Domain Variance: Benefits vary wildly by domain:
- High Impact: Healthcare (+51.9pp), Manufacturing (+41.9pp). These domains rely on specialized procedures underrepresented in pretraining.
- Low Impact: Software Engineering (+4.5pp), Mathematics (+6.0pp). Models already have strong priors here; Skills sometimes add overhead.
Negative Cases: 16 of 84 tasks showed negative deltas, indicating Skills can introduce conflicting guidance for tasks models already handle well.

B. Self-Generated Skills Failure

Result: Self-generated Skills provided negligible or negative benefit (average -1.3pp).
Implication: Models cannot reliably synthesize the specific, error-free procedural steps required for complex tasks. They often generate imprecise advice or fail to recognize the need for specialized knowledge.

C. Design Factors

Quantity: 2–3 Skills per task yielded optimal results (+18.6pp). Providing 4+ Skills caused diminishing returns (+5.9pp) due to cognitive overhead.
Complexity: Focused/Compact Skills outperformed comprehensive documentation.

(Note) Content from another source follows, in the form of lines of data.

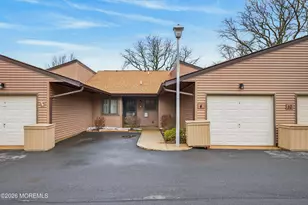 4 Friendship Ct, Red Bank, NJ 07701 - Photo 3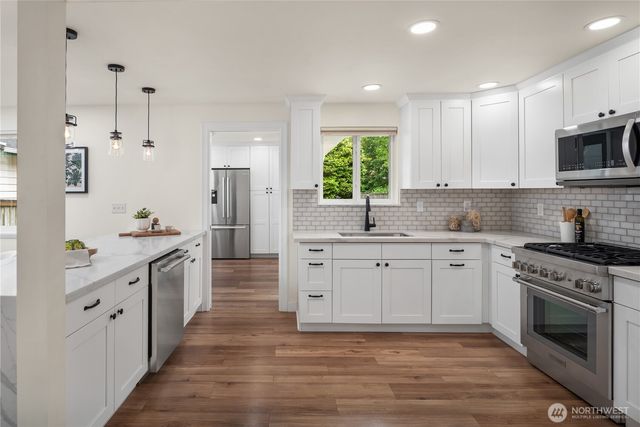 6439 Marshall Avenue SW, Seattle, WA 98136
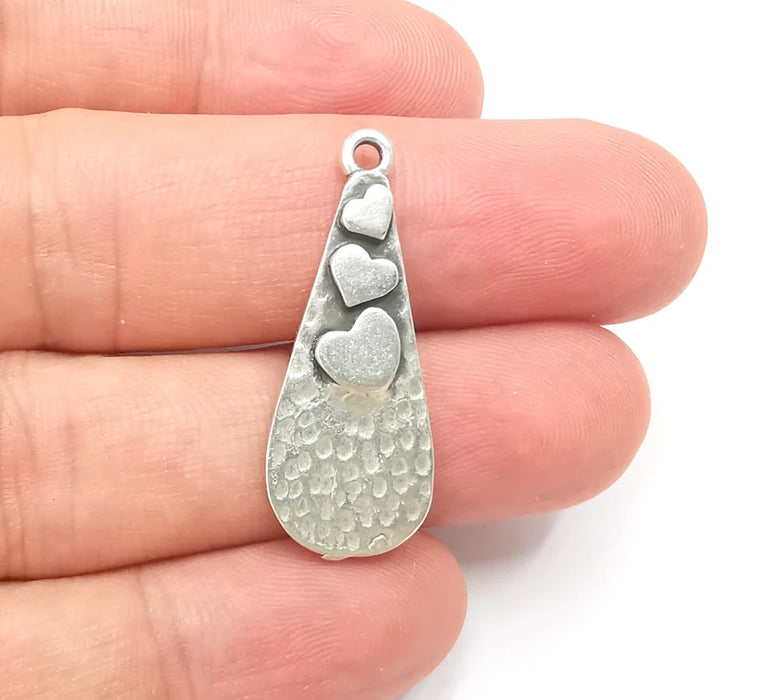 Hearts Charm Teardrop Heart Charms Antique Silver Plated Hammered Charms (34x13mm) G28619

Exhaustive docs often consumed context budget without providing actionable guidance.
Model Scaling: Smaller models with Skills (e.g., Claude Haiku 4.5 + Skills) could outperform larger models without Skills (e.g., Claude Opus 4.5 without Skills), suggesting Skills can partially compensate for model capacity.

D. Harness Reliability

Claude Code: Showed the highest utilization of Skills and the largest absolute gains (+23.3pp for Opus 4.5), likely due to native integration.
Gemini CLI: Achieved the highest raw pass rate (48.7% with Flash) but showed lower relative gains from Skills compared to Claude.
Codex: Often acknowledged Skills but frequently ignored them to solve tasks independently.

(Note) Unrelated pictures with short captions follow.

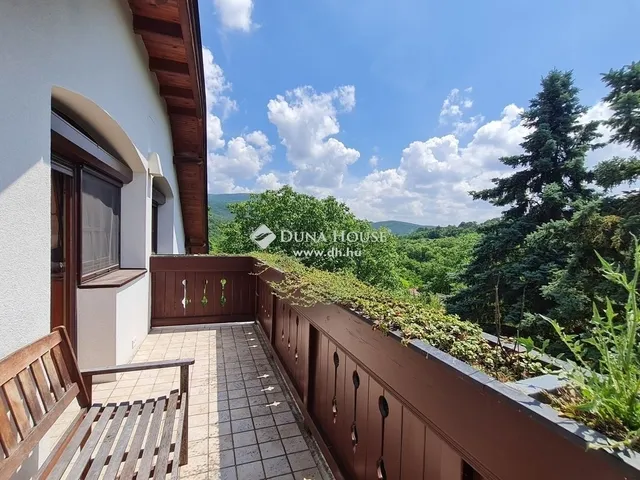 Eladó ház Kesztölc 221 nm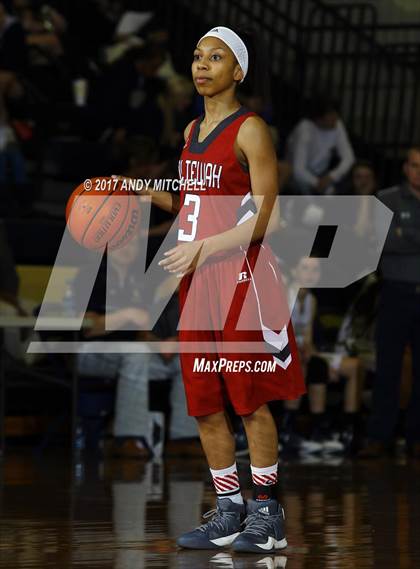 Thumbnail 2 in Ooltewah vs Soddy Daisy (District 5 3A) photogallery.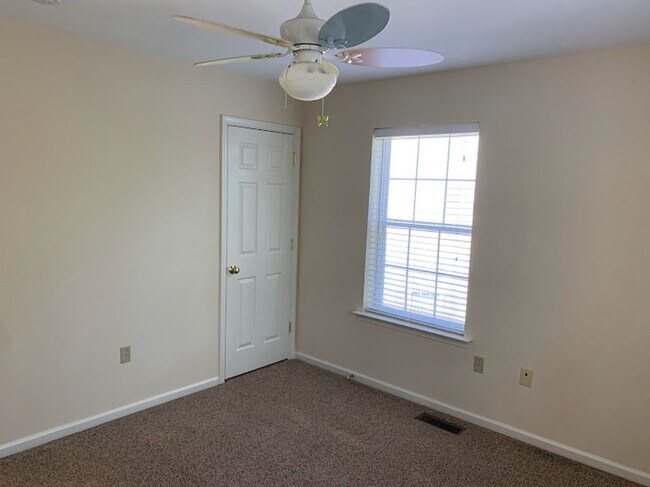 Building Photo - New Macungie Rental Listing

5. Significance and Implications

Context-Dependent Value: Skills are not a universal fix. Their value is highest in domains requiring specialized, brittle procedural knowledge (Healthcare, Manufacturing) and lowest in domains with strong pretraining coverage (General Software Engineering).
Human Curation is Critical: The failure of self-generated Skills proves that effective augmentation requires human-curated domain expertise.
Efficiency: Focused, modular Skills are more effective than long documentation. This guides developers to write concise, step-by-step guides rather than encyclopedic manuals.
Future Research: The benchmark provides a standard for evaluating agent augmentation, moving beyond "can the model do X?" to "how much does context Y help the model do X?"

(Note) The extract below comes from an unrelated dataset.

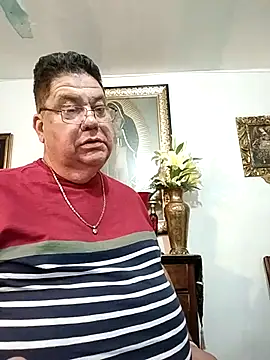 Zordomudo13 online show from February 8, 2026, 2:26 am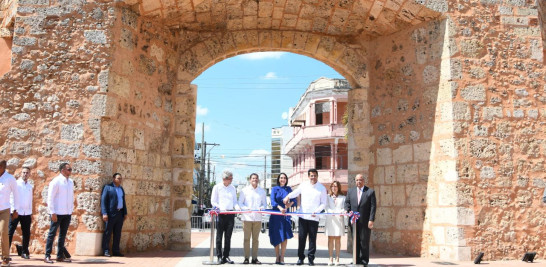 Con una inversión de RD$17 millones, el Ministerio de Turismo inauguró este lunes los trabajos de remozamiento de la Puerta de la Misericordia y su entorno en la Ciudad Colonial.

Conclusion: SKILLSBench establishes that while Agent Skills are a powerful tool for bridging the gap between general LLM capabilities and specialized workflows, their effectiveness is highly contingent on domain specificity, Skill design quality, and the agent harness's ability to utilize them. The dataset and evaluation harness are open-sourced at skillsbench.ai.